DIRECTIONS
Without including any pictures, write out the data below exactly.

INFORMATION SHOWN
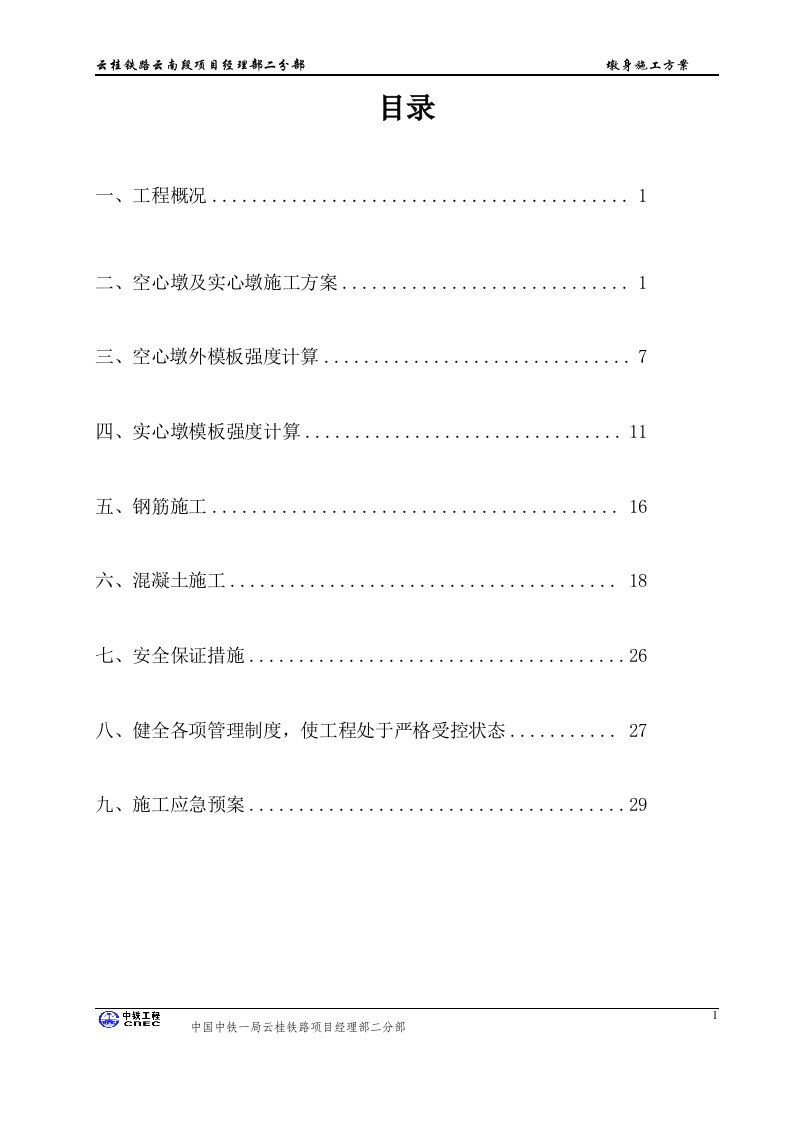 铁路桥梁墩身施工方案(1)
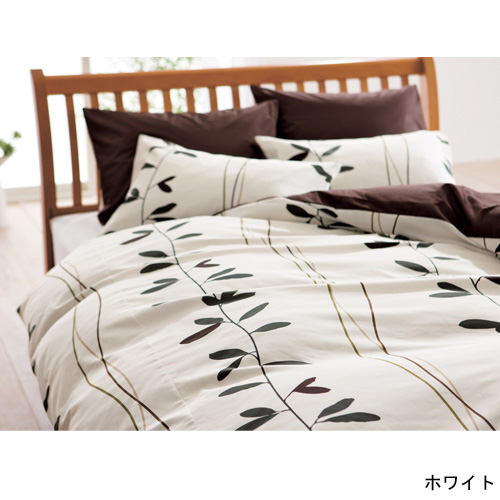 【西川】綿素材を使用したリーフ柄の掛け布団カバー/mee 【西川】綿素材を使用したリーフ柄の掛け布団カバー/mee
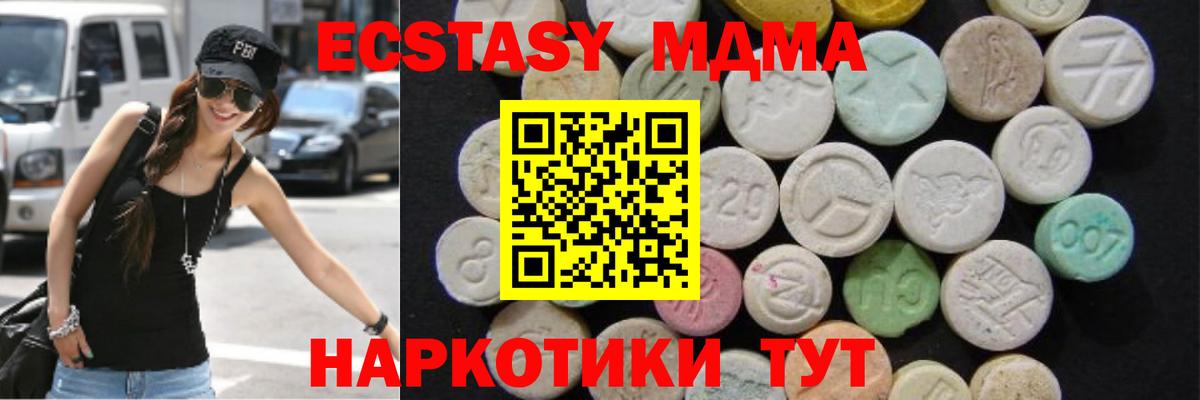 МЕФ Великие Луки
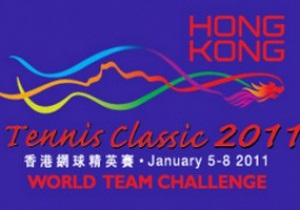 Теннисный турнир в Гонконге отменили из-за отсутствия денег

SOLUTION TO THE EXERCISE
 铁路桥梁墩身施工方案(1)
 【西川】綿素材を使用したリーフ柄の掛け布団カバー/mee 【西川】綿素材を使用したリーフ柄の掛け布団カバー/mee
 МЕФ Великие Луки
 Теннисный турнир в Гонконге отменили из-за отсутствия денег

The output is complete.